If passed, all Missourians would pay less money in income taxes. Governor Parson said Missouri has more money on hand than ever before.

"I wanna make the largest tax cut in Missouri's history for everyday working people," Governor Parson said.

His plan would cut state income taxes from 5.3% to 4.8%.

"We've been trying to analyze this for a year now, he said."

The governor said people are going back to work and spending money, so he and his administration want to give that money back to taxpayers. If passed, this would mean $700 million less would be taken out of Missourians' paychecks every year.

"Our revenues are up higher than they've ever been in our state's history.

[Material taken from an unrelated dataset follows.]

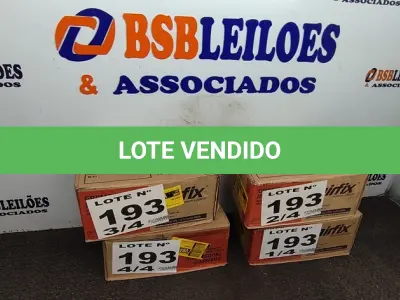 LOTE 193 - 04 - CAIXAS DE GRAMPO PARA GRAMPEADOR 14/38 CX 15.640 UNIDADES - AIRFIX (NO ESTADO, NÃO SABEMOS SE FUNCIONA. LEILÃO NÃO TEM GARANTIA E NEM DEVOLUÇÃO, SUJEITO A POSSÍVEIS AVARIAS VISÍVEIS/OCULTAS E/OU AUSÊNCIA DE COMPONENTES)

Unemployment is at its lowest rate in state's history that it has been in 50 years,” he said.

Parson said this tax cut has nothing to do with federal money coming down, and everything to do with the strength of Missourians.

"They can drive the economy and not the government, and that's a win,” he said.

But most state Democrats, like State Representative LaKeySha Bosley, told 5 On Your Side they are worried that plan is not sustainable.

"They'll dangle a carrot in your face and hope you don't see the major hole at the bottom,” Bosley said.

She said lowering taxes is always the right idea, but said she’s worried about Governor Parson’s ideas of implementing it.

"We're already underfunding education, we're already underfunding mental health, we've cut hundreds of jobs,” Bosley said.

She also added it's not the right time for this type of cut, and a distraction against other important issues in the state.

"This is just a campaign ploy to distract us from women and girls having to carry unviable pregnancies,” Bosley said.

The special session starts in two weeks. If this plan passes, you could start seeing extra money in your paycheck starting in January.